Demand recalibrates, but key hubs remain strong
While the economic outlook is positive, industrial and logistics demand saw a period of adjustment in 2025. Total take-up for the year reached 484,970 sq m, a 39% decrease compared to the previous year. The average deal size also contracted by 26% to 6,640 sq m, suggesting a market shift towards smaller, more strategic acquisitions.
Despite this overall softening, activity remained heavily concentrated in Portugal's primary economic hubs. Greater Lisbon was the engine of demand, accounting for 56% of the total take-up, with Greater Porto following at 34%. The fourth quarter featured several significant transactions that underscore the continued appetite for high-quality spaces. Notable deals included SPAR's lease of a 17,500 sq m facility at Panattoni Park Santarém and Ontime Logística's 15,510 sq m lease in Vialonga. Other key transactions involved Urbanos securing 10,500 sq m in Castanheira do Ribatejo and Torrestir leasing 10,410 sq m in Arcozelo, contributing to a total of 22 new occupancy deals in the final quarter.
Vacancy Tightens Amidst Scarcity of Quality Space
The persistent undersupply of modern, high-quality logistics facilities remains a defining feature of the market. In Greater Lisbon, the vacancy rate edged down to a tight 4.1% in the fourth quarter of 2025. This low availability highlights the ongoing challenge for businesses seeking prime logistics space in the region.
Rental Growth Reflects Supply and Demand Imbalance
The scarcity of available space, coupled with sustained occupier demand, has continued to drive rental values upward. Prime rents have climbed in key logistics zones. In Greater Lisbon's prime Castanheira-Azambuja corridor, rents reached €5.65 per square metre per month. Meanwhile, Greater Porto's Port of Leixões–Airport zone saw prime rents hit €5.90 per square metre per month. This upward trend was not limited to prime assets, as average rents also increased across most zones in these core regions, reflecting the fundamental imbalance between limited supply and healthy demand.

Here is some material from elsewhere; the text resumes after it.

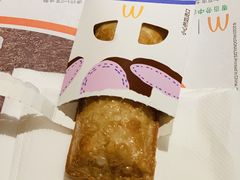 香芋派-麦当劳(豫园店)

A Robust Pipeline Promises Future Opportunities
Looking ahead, the construction and supply pipeline appears robust, signaling a concerted effort to address the market's supply constraints. In 2025 alone, 303,250 sq m of new logistics space was completed, with the majority located in Greater Lisbon and Greater Porto.
The development momentum is set to continue, with an impressive 758,500 sq m of new space planned for delivery over the next three years. Of this, 449,900 sq m is already under construction, indicating a strong short-term delivery schedule. Key projects poised to shape the future landscape include Phase III of the Northern Lisbon Logistics Platform, the Malveira Prime Logistics development, and the Panattoni Park Lisbon-City project. These new developments will be crucial in accommodating future growth and easing the supply pressures that currently define the market.